WIP `fast_autotune`: Add lookup table and ML model to filter triton matmul configs #156683

exclamaforte · 2025-06-24T08:24:33Z

The goal of this PR is to deliver max-autotune performance at a much lower compile time cost. Currently, max-autotune has low adoption in training workloads because of the compile time cost, and could have more adoption in inference workloads with lower compile time. We want to deliver better performance per unit compile time by benchmarking better configs, selected with the context of the input shapes taken into account. We provide two ways of doing this: manually filtering the configs with a LUT and automatically filtering the configs with a ML Model.

Part 1:

fast-autotune: Model Prediction of Triton Kernel Runtimes #156851

Features:

fast_autotune: Uses ML model and lookup table to evaluate and filter the config space before benchmarking.
kernel_lut: Uses a lookup table with a standardized format to filter configs. Users can create these tables by creating the python class and saving the .serialize() string. These tables are serialized to json, and can be edited by hand or by external tools, in the future.
New Configs:
- matmul_gemm_autotune_benchmark_space: disaggregates the space of what we benchmark from what we search. "DEFAULT" will match the number of configs in max-autotune defaults, "SAME" means that the search space is the same as the the benchmarking space, so model filtering will be disabled, and <int> will set the top-k to <int>.
- fast_autotune: New setting that sets matmul_gemm_autotune_search_space to "EXHAUSTIVE" and matmul_gemm_autotune_benchmark_space to 1.
- kernel_lut_path: Lookup path for the kernel LUT. The kernel LUT will be on when this is non-None, regardless of the other settings. So these features can be applied independently.
Fixes autoheuristic tests, which have been broken for awhile.
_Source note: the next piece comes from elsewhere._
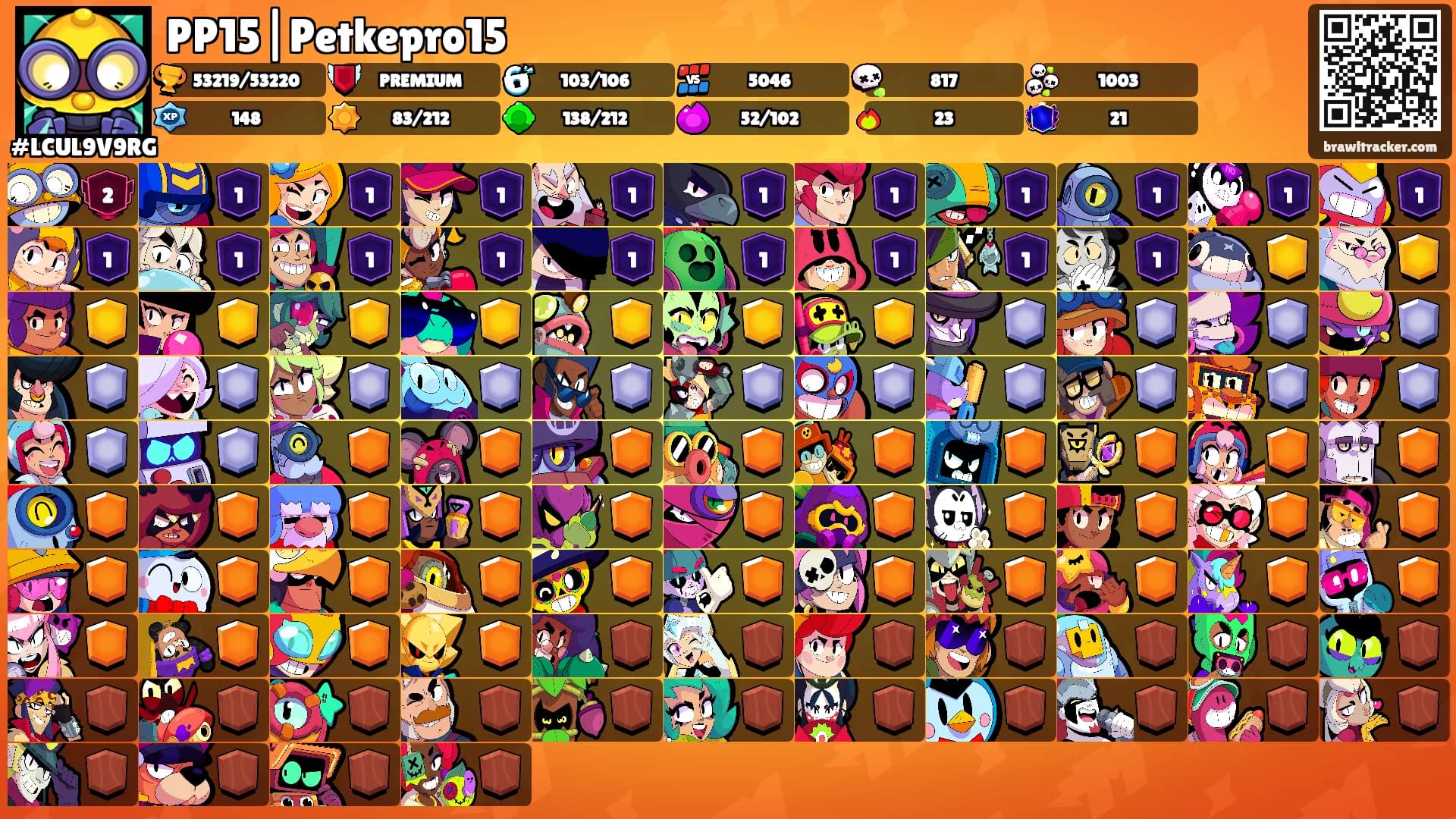 PP15|Petkepro15's Ranks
Why not integrate it into Autoheuristic?

We plan on merging with Autoheuristic eventually, and we're using it for data collection, but it's currently in a broken state for inference because its tests were disabled for ~6 months. We fixed some of the tests, but we also found there was a bit of a mismatch between it and what we're trying to do, given autoheuristic is predicting over all configs, we are currently focused on just Triton Configs, and the shared infrastructure for the LUT requires it being at the start of the mm lowering function. Once our model and LUT handles all configs, we will move the callsite lower in the mm lowering function until it's at the same spot as autoherustic, at which point they can be merged. The end goal is to create config "middleware" that users can apply independently to filter the triton configs.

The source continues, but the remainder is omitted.